Self-Care by James Crews

Self-Care

 

Some days it feels like a foreign language
I’m asked to practice, with new words
for happiness, work, and love. I’m still learning
how to say: a cup of tea for no reason,
what to call the extra honey I drizzle in,
how to label the relentless urge to do more
and more as poison. And how to translate
the heart’s pounding message when it comes:
enough, enough. This morning, I search for words
to capture the glimmering sun as it lifts
above the mountains, clouds already closing in
as fat droplets of rain darken the deck.
I’m learning to call this stillness self-care too,
just standing here, watching goldfinches
scatter up from around the feeder like pieces
of bright yellow stained-glass, reassembling
in the sheltering arms of a maple.

 

 

James Crews is the author of four collections of poetry, The Book of What Stays, Telling My Father, Bluebird, and Every Waking Moment.

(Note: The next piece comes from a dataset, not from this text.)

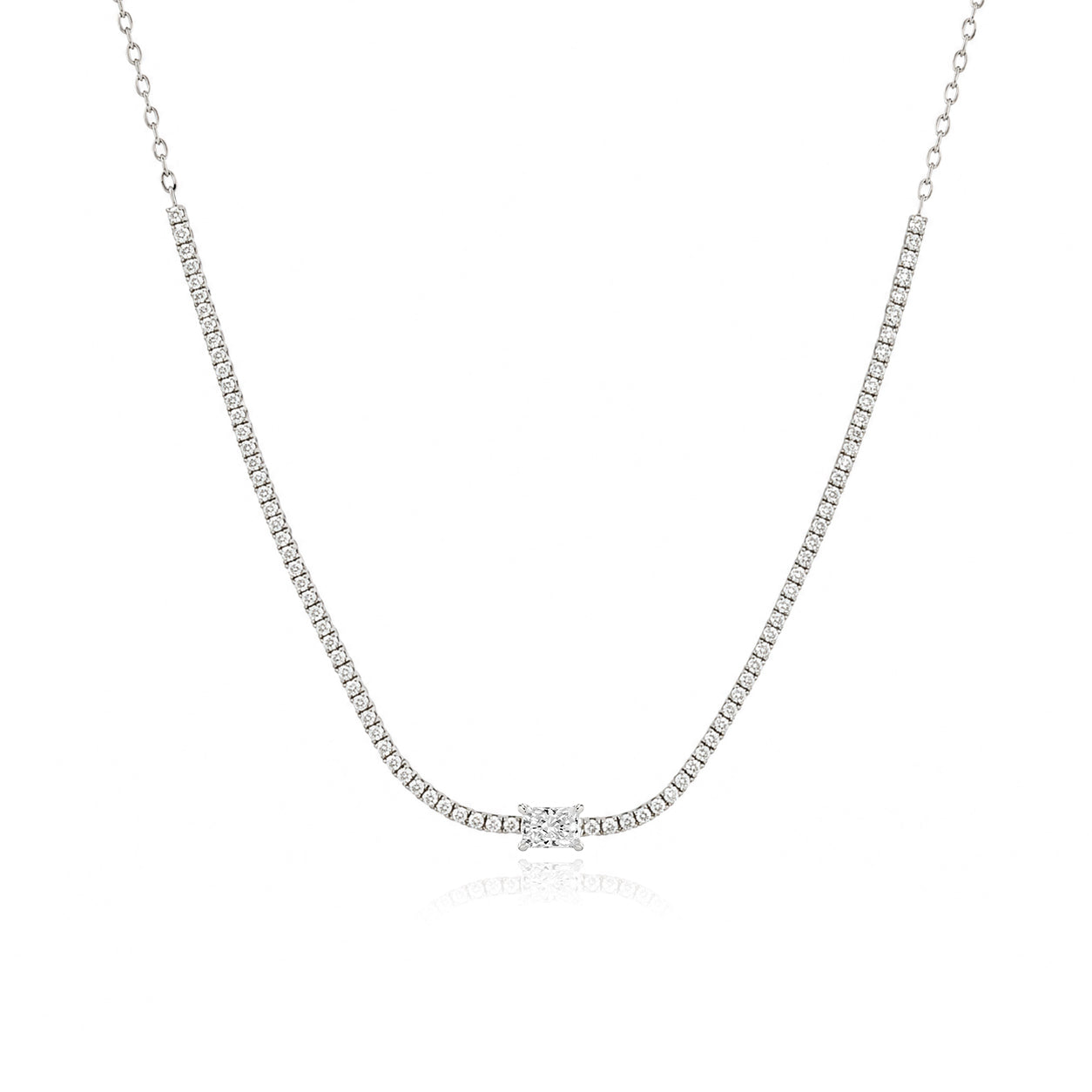 Half Lab Tennis Necklace with Solitaire Diamond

He is also the editor of the popular Healing the Divide: Poems of Kindness and Connection. His poems have appeared in Ploughshares, The New Republic, The Christian Century, and have been reprinted in Ted Kooser’s American Life in Poetry and featured on Tracy K. Smith’s podcast, The Slowdown. Crews holds an MFA in creative writing from the University of Wisconsin–Madison and a PhD in writing from the University of Nebraska–Lincoln. He works as a creative coach and lives with his husband on an organic farm in Vermont.